# botar pedra no angu



## Mokka

Como puedo traducir al español esa expresión: "botar pedra no angu".


----------



## coquis14

O que é que significa isso?

Saudações


----------



## Mokka

Bueno, es algo como  "estropear la fiesta", por ejemplo.


----------



## coquis14

Conozco una muy vulgar , que no me gusta , pero es la primera que se me ocurre: "Cagar arriba de la torta".

Saludos


----------



## Vanda

Ahem, agora que o/a Mokka definiu a expressão , botar pedra no angu é complicar as coisas, torná-las mais difíceis.


----------



## coquis14

¿¿"Poner piedras en el camino"??


----------



## Vanda

Acho que não dá, coquis. É mais no sentido de complicar as coisas ou de fazê-las do modo mais difícil e também de estragar a festa de alguém. 

Veja um exemplo aqui.  Outro aqui.


----------



## willy2008

Yo creo que lo que dice coquis esta bien, el sentido es de poner trabas a alguien o algo,también se puede decir, poner palos en la rueda.


----------



## olivinha

¿Qué tal _estropear el caldo_?


----------



## coquis14

olivinha said:


> ¿Qué tal _estropear el caldo_?


Me gusta *Oli*.


----------



## Mokka

Bueno, de todas formas muchas gracias a todos!!!!
Me ayudaron mucho )
Besos,

Entonces como puedo traducir esa frase:
_Antes, porém, um afobado haveria de botar pedra no angu, tentando passar apertado entre as perobas e o barranco...._

Se puede usar _"poner palo en la rueda"_ sin quedar vulgar????


----------



## Vanda

A sugestão da Olie, acho que é mais neutra, Mokka.

Willizinho, poner palo en la ruela tem alguma conotação vulgar? Também me interesso em saber.


----------



## Lawrence Tarenkov

La expresión "Poner palos en la rueda" es informal, pero no vulgar. Significa obstaculizar. Estropear el caldo o "...arriba de la torta" tiene otra connotación. Es arruinar algo, no "poner obstáculos".


----------



## Giorgio Lontano

Um exemplo:

_El congreso le estropeó el caldo al presidente al no aprobar la ampliación del presupuesto de la nación._

Boa Oli! 

Abraços.


----------



## willy2008

Vanda said:


> A sugestão da Olie, acho que é mais neutra, Mokka.
> 
> Willizinho, poner palo en la ruela tem alguma conotação vulgar? Também me interesso em saber.

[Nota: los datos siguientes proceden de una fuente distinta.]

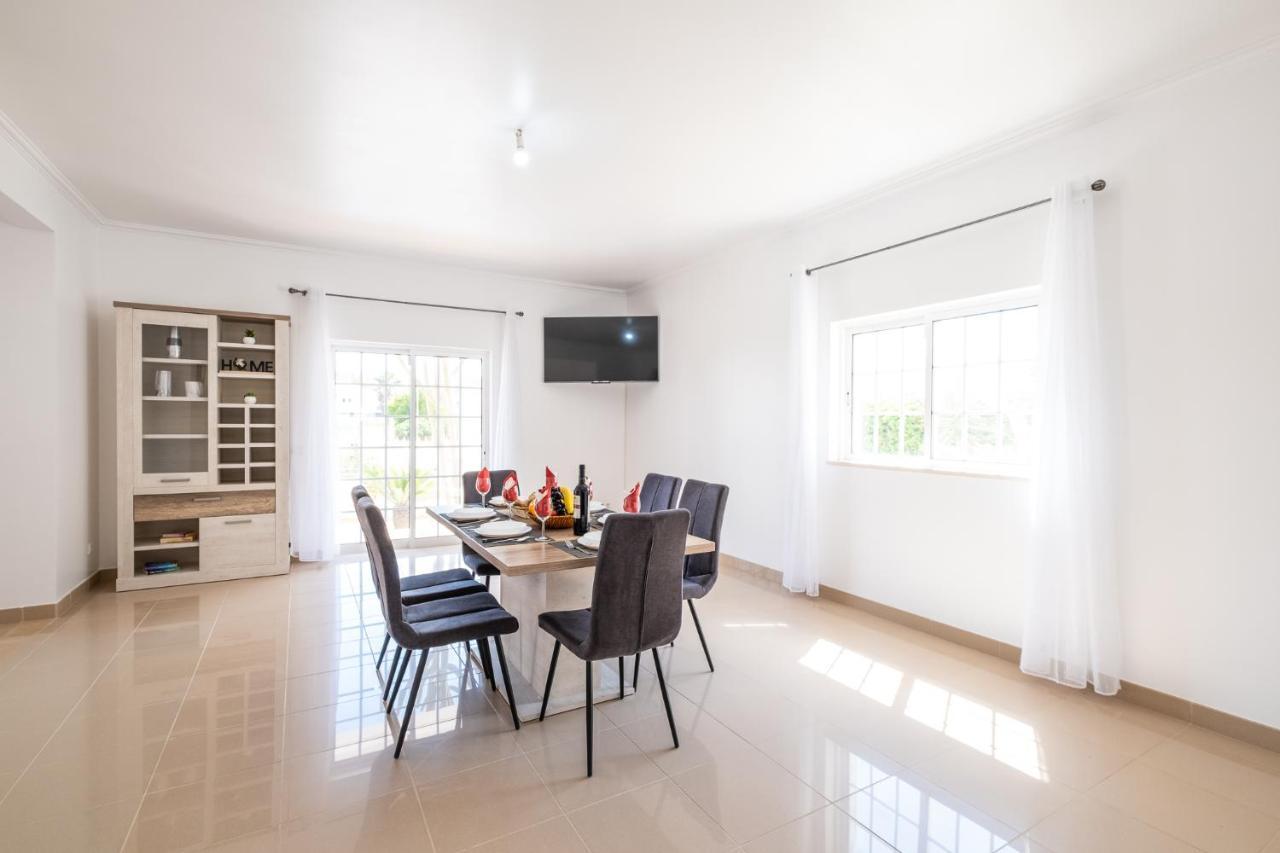 Villa Bahia By Algarve Vacation Albufeira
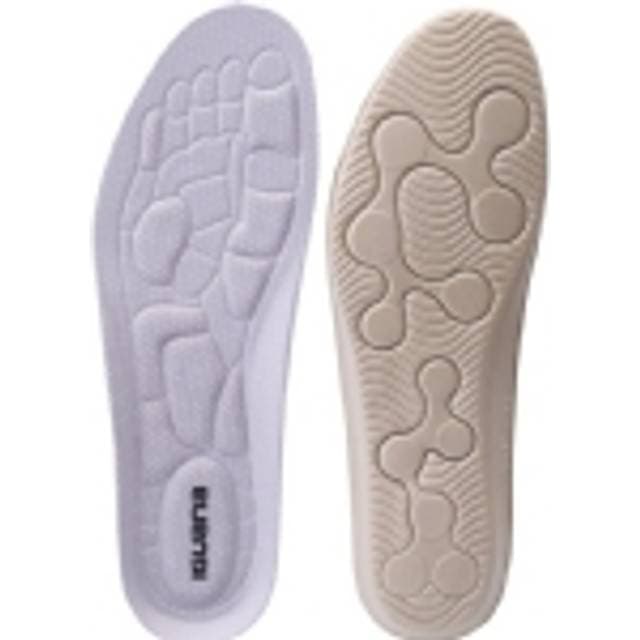 Iguana Dæmpende Skoindlægssåler Akri Størrelse 36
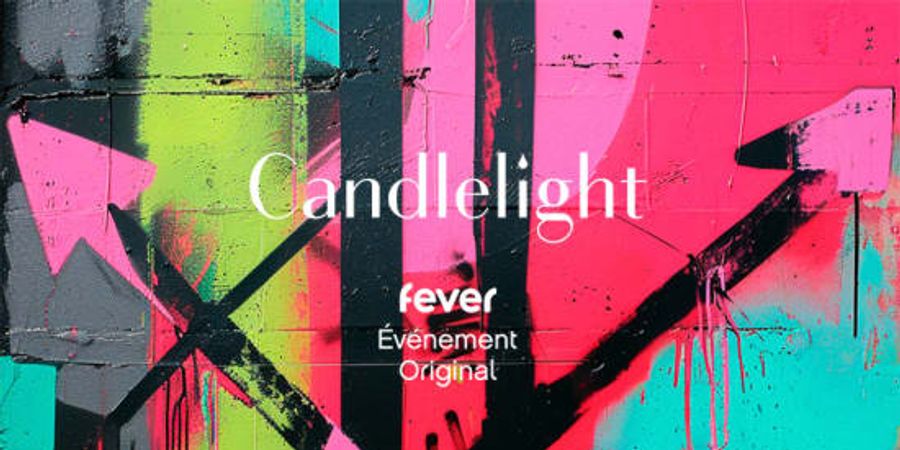 image - Candlelight: Hommage aan Green Day en Blink-182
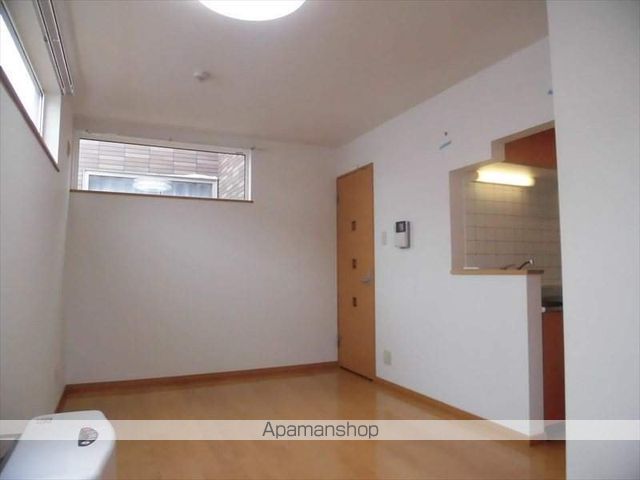 ウィンベル福住の内装写真
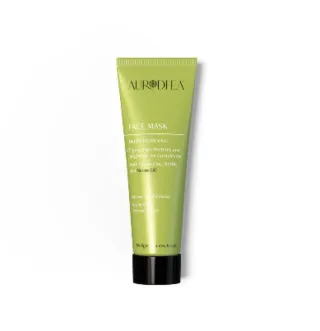 Crema facial dermopurificante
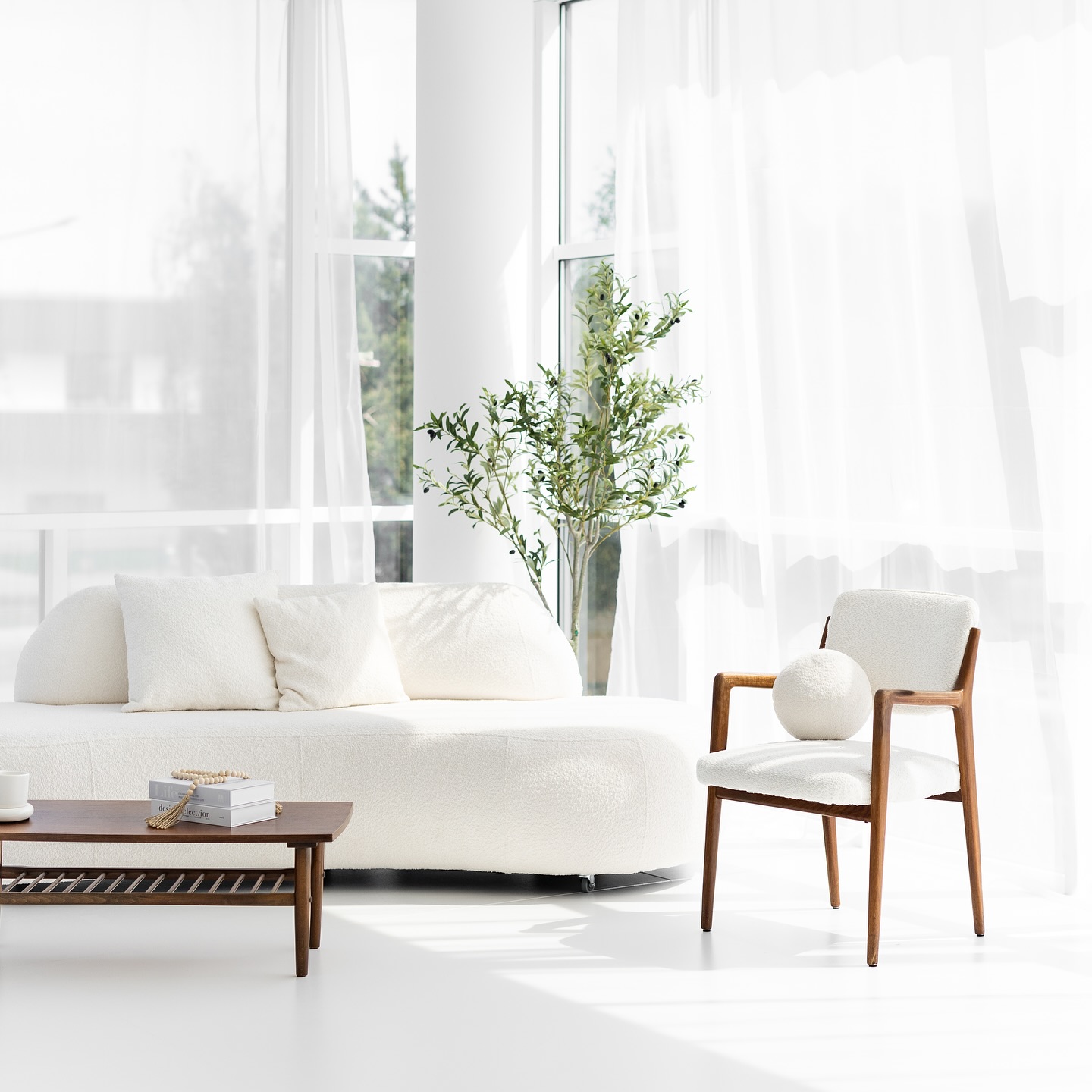 Przeszklone Studio — zdjęcie 4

 Não Vanda ,tem a mesma conotaçã que a sugestã de Olivinha.


----------



## coquis14

willy2008 said:


> Não Vanda ,tem a mesma conotaçã que a sugestã de Olivinha.


Acho que os lusófonos pensam que é vulgar pela presença do verbo "poner", trata-se de pôr o pau na roda da magrela para que não possa girar.

Abraços


----------



## Vanda

Ah! Valeu gente. 

Só um detalhezinho, Willy: sugestão, conotação.


----------



## olivinha

coquis14 said:


> Acho que os lusófonos pensam que é vulgar pela presença do verbo "poner", trata-se de pôr o pau na roda da magrela para que não possa girar.
> 
> Abraços


 
Talvez seja a presença do "palo", Coquis, que associamos a já sabe o quê, né?


----------



## Naivius

En algunos países de América no se utilizaría "estropear el caldo", sino "meter la pata" o "aguar la fiesta". Ambos en un tono coloquial, mas no vulgar.

Usando el ejemplo de Giorgio sería: 
_El congreso le aguó la fiesta al presidente al no aprobar la ampliación del presupuesto de la nación._
_El congreso metió la pata al no aprobar la ampliación del presupuesto de la nación._

Saludos!


----------



## willy2008

Vanda said:


> Ah! Valeu gente.
> 
> Só um detalhezinho, Willy: sugestão, conotação.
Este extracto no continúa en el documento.